Cada um dos possantes guarda uma história particular. O Fairlane branco, por exemplo, pertenceu à família Godoy, que manteve a área chamada hoje de Parque Estadual Mata dos Godoy. O carro foi adquirido nos Estados Unidos e chegou ao Brasil de navio, junto com um modelo na cor preta. Todas as peças utilizadas na restauração também vieram daquele país. Terceiro dono desta raridade, o advogado Carlos Roberto Ferreira comprou o veículo há cinco anos e o tem entre seus xodós. "É bem difícil ver este carro no Brasil. Fico satisfeito de comprar um carro que foi de uma família que fez parte da história de Londrina. Isso também me faz fazer parte desta história", define.
Mas não é só o Fairlane que Ferreira tem de carro antigo. A paixão dele pelos carangos começou com a aquisição de um caminhão GMC 1949. Daí em diante, vieram outras dezenas de modelos de carros e utilitários. Os veículos ficam todos guardados em um barracão mantido pelo advogado. "Não compro por ostentação, mas por prazer mesmo", comenta. Sempre que pode, Ferreira dá uma voltinha pela cidade com um dos seus carros antigos. A compra do próximo modelo ainda não está programada. "Não planejo. As coisas vão acontecendo. Quando observo algo que gosto, tento comprar", diz.
De propriedade de Lúcio Flávio Santos, o Jeep Chrysler 1942 modelo WC 52 foi encontrado na floresta amazônica abandonado, depois de ser utilizado na 2ª Guerra Mundial. Ganhou do Exército o apelido de "pata choca" e chama a atenção principalmente das crianças que passam pelo térreo do Boulevard. "Quero um desses", dizia a pequena Lívia, filha do programador Adriano Zancheti, de 39 anos, no domingo. Admirador de carros antigos, ele diz ser difícil encontrar veículos de longa data em tão bom estado. "Assim, tão bem cuidado, não tinha visto", assinala.
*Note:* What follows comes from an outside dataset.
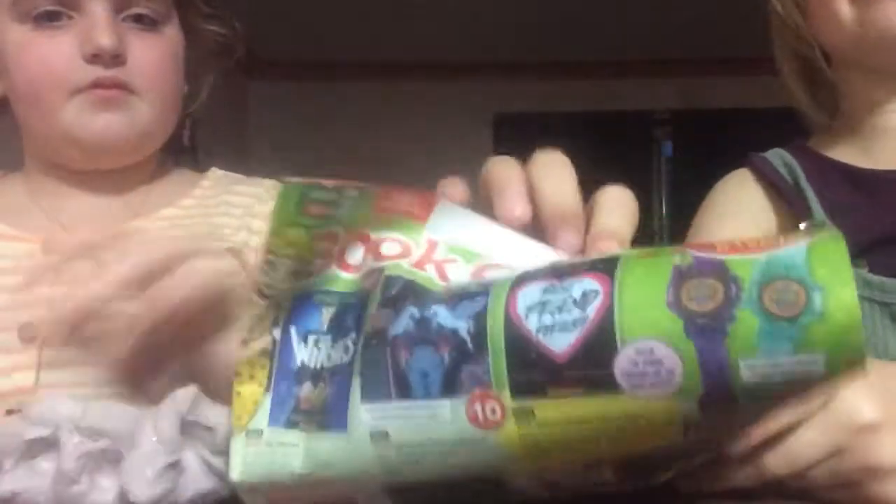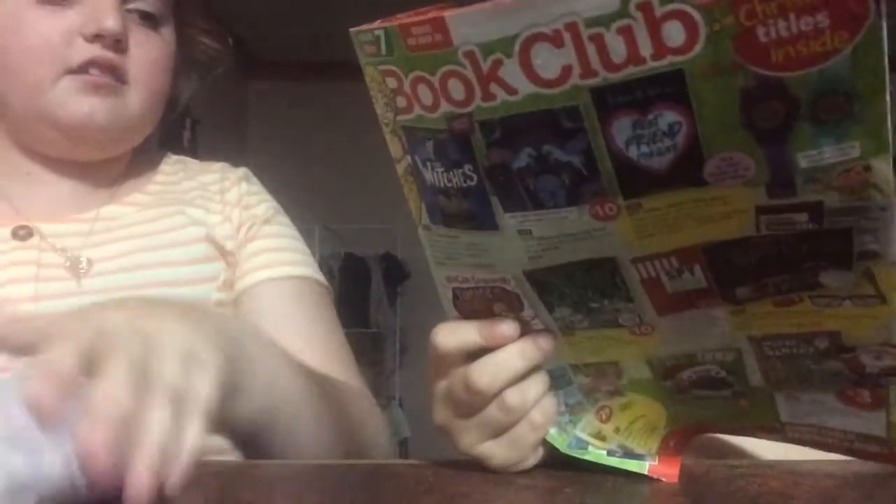Do you know what book club means? We have books here? Let's just do the outro. I've had enough of this. Okay, we tried. Book club. We tried. Anyways. Bye Slime Sisters. Bye. See you. Probably two weeks.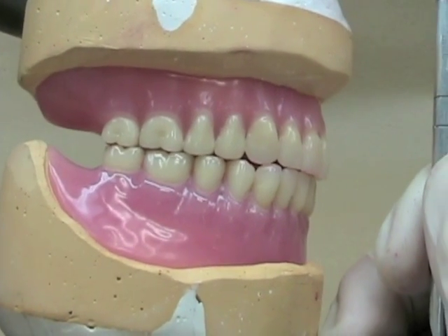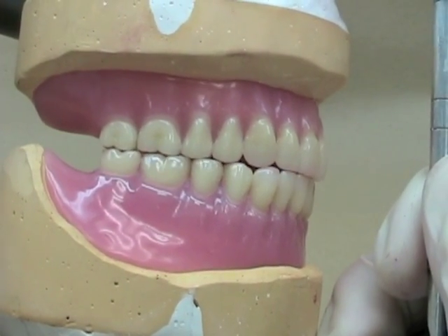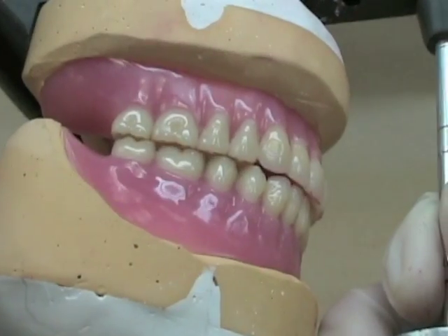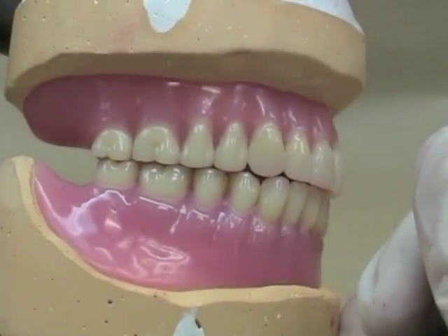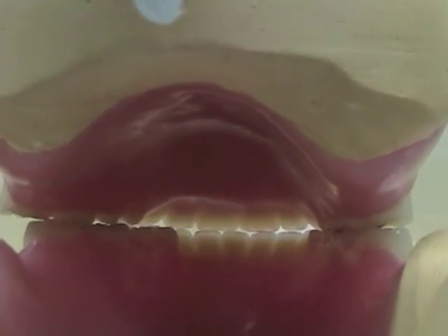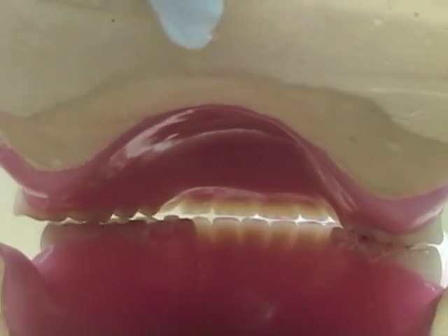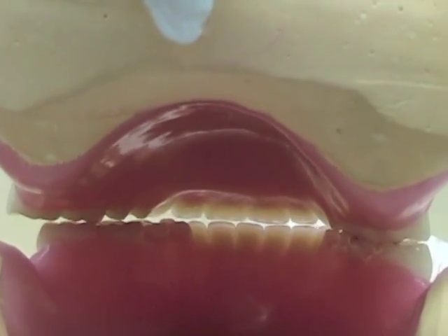When the patient goes into an excursion, the anterior teeth should not preclude contact of the posterior teeth. You can see here from a lingual view that we're keeping contacts on both sides of the arch as we move into excursions.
A auxiliar administrativo Sara Santana aproveitou a exposição para fazer fotos dos modelos. "Acho muito legal esses carros porque nos dão ideia de como era a época em que foram lançados", comenta. "É raro ver esses modelos na rua", completa o metalúrgico Ronaldo Godoy. Ele também coleciona carros antigos, mas em miniatura.
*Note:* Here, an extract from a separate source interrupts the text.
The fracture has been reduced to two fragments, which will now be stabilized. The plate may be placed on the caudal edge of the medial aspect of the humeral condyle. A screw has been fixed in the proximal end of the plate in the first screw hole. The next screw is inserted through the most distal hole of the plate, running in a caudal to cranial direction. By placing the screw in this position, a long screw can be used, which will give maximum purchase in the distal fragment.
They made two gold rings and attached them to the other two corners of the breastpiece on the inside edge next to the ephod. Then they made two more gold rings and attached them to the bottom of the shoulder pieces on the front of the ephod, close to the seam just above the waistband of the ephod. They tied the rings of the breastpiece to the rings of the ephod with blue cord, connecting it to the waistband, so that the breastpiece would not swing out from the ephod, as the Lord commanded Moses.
Organizador da mostra, Hamilton Bischof, do Garagem Motors, explica que esta é a primeira vez que a exposição é feita no shopping. Em contrapartida, todos os primeiros domingos do mês acontece no estacionamento do Boulevard a "Confraria do Hot". O evento, que estreou no fim de semana, reúne motos e carros antigos e customizados. No domingo passado, a feira atraiu cerca de 4 mil pessoas, entre colecionadores, visitantes e entusiastas do universo das garagens. "Tivemos Fuscas, Porsches, Pumas, Caravans, Ford Customs 1929, diversos modelos", relata.
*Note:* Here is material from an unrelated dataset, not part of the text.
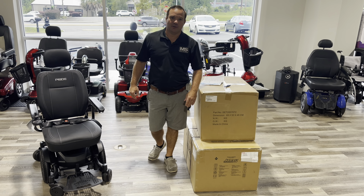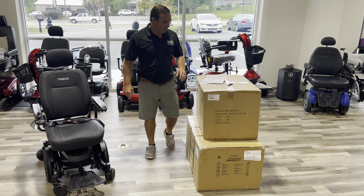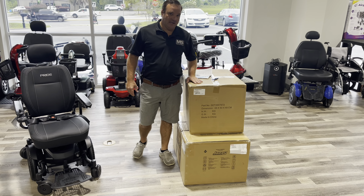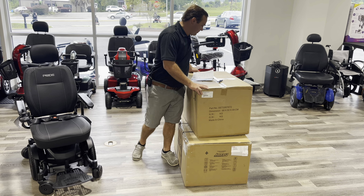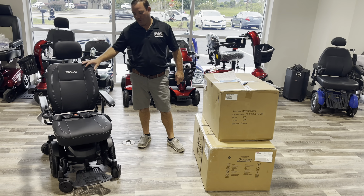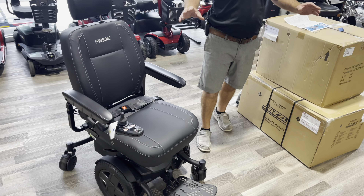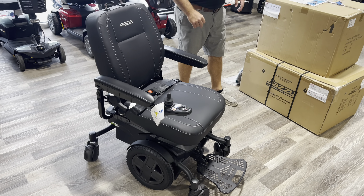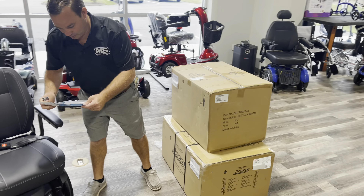Hey, I'm Chris with Mobility Solutions, AffordableMedicalUSA.com. Today we're going to do the unboxing video of the brand-new Evo model 613 with the standard batteries, the AGM batteries. Right beside me is the Evo with the lithium batteries. Same chair, two different batteries. We'll explain the difference and there's a difference in weights.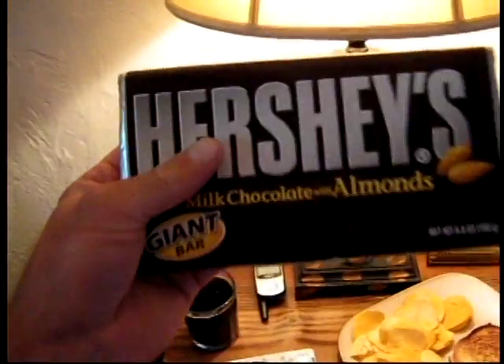For dessert after breakfast I will eat Hershey bars. This is a small Hershey bar with an almond. It's very delicious — good for you too.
A participação na feira é gratuita. Os carros precisam ter pelo menos 20 anos, já as motos podem ser mais novas. É normal, conforme Bischof, que quem visite uma das confrarias fique tão admirado que até procure um carro antigo para chamar de seu. "Tem gente que no mês seguinte já está com um carro antigo. A pessoa compra e vai arrumando aos poucos", conta.
A confraria reúne ainda apresentações musicais e um "mercado de pulgas", onde é possível encontrar peças e acessórios vintage. A próxima edição será no dia 6 de setembro, das 9h às 14 horas.